Tuesday, March 27, 2012

duplicate rows

What is the best way to remove duplicate rows from a table ?Wow talk about cross posts...

SELECT DISTINCT Col1, Col2 INTO myTable FROM myOtherTable?|||SELECT
Seibel_Extract.Account,
Seibel_Extract.Description,
Seibel_Extract.[Alliance Bookings],
Seibel_Extract.[Concatenated Unique ID],
Seibel_Extract.[Sub Region],
Seibel_Extract.Region,
Seibel_Extract.[Update Method],
Seibel_Extract.[Solution Offering],
Seibel_Extract.Type,
Seibel_Extract.[Operate Deal],
Seibel_Extract.[% of Deal],
Seibel_Extract.[Total Bookings],
Seibel_Extract.[Converted Bookings (EURO)],
Seibel_Extract.Alliance
FROM
Seibel_Extract
WHERE
Seibel_Extract.Account
In
(
SELECT
distinct [Account]
FROM
[Seibel_Extract] As Tmp
WHERE
[Description] = [Seibel_Extract].[Description]
And [Alliance Bookings] = [Seibel_Extract].[Alliance Bookings]
GROUP BY
[Account],
[Description],
[Alliance Bookings]
HAVING
Count(*)>1
)

This is the query that returns the duplicate records , I need to keep only one out of the duplicate records|||What do you mean by duplicate? Are all of the columns the same?

Then add SELECT DISTINCT

But they're not, are they.

So what do you mean by duplicate?|||What is the logic you want to apply to decide which one of each set of duplicate records to keep? If the underlying rows of data are truly exact duplicates, you will need to run select distinct into a new table.

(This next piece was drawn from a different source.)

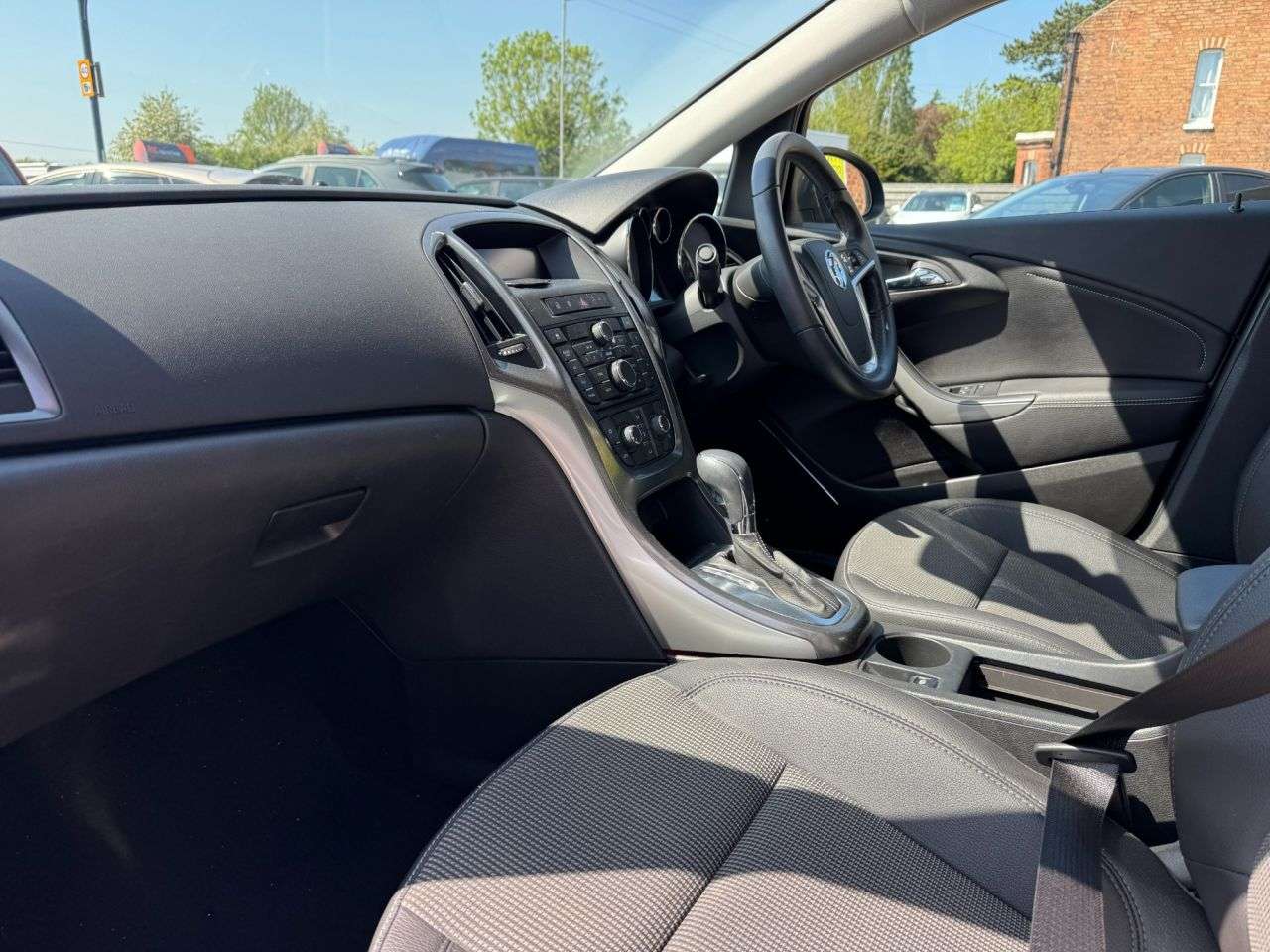 2011 VAUXHALL ASTRA 2011 VAUXHALL ASTRA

blindman|||Originally posted by blindman
What is the logic you want to apply to decide which one of each set of duplicate records to keep? If the underlying rows of data are truly exact duplicates, you will need to run select distinct into a new table.

blindman

You know it's going to be more than 1 account number equals a dup.

You have to make a decision..

Rows are rows, and the totality of the columns are probably representative of an account.

The columns "relate" to each just like they are brothers and sisters...the other rows are like cousins..

You can't just mix and match the family togetehr...

WHT do you have many rows? Sounds like your addressing the problematic aftermath and not the cause...|||The PK is Acc Name, Description and amount only
Any two rows with these 3 as exact will be treated as dupes|||WHT do you have many rows? Sounds like your addressing the problematic aftermath and not the cause...

Yup you are somewhat right . I get some data every week from seibel and i have to clean the data and upload it into sql server. I cant do anything about the data. All I can do is a patch job|||So the data is historical by nature...is there a last updated date?

Can you add a column to the base table that has a default GetDate()...

Then Just select the row where the date=Max(date)|||No .. i dont have a last updated date ...
had there been something like that my work would be a lot easier ... I have only the fact that Any two rows with Acc Name, Description and amount as exact will be treated as dupes|||What's the DDL for Seibel_Extract

No date..and identity perhaps?

How do you populate the table?

(you can tell I'm running out of ideas...)|||I get an excel file which i upload through a dts into a table. No date column to go on . Identity column perhaps i can create and then drop after removing the dupes.

(you can tell I'm running out of ideas...)

I already have !!!!!!!|||So you're not appending the data, you do a full refresh everytime?

Does it matter to you which row you use?

If it doesn't...

[reduced to using a cursor...oh the humanity]

How about SELECT TOP 1 in a cursor

[/reduced to using a cursor...oh the humanity]

And insert the rows to a work table...|||to get rid of the duplicate rows I would add a couple of temporary extra columns to the table. an indentity column to uniquely indentify each row and a colukmn to indicate what rows you want to keep.

You should then be able to run a query to flag the ones you want to keep and thne another to delte those not flagged.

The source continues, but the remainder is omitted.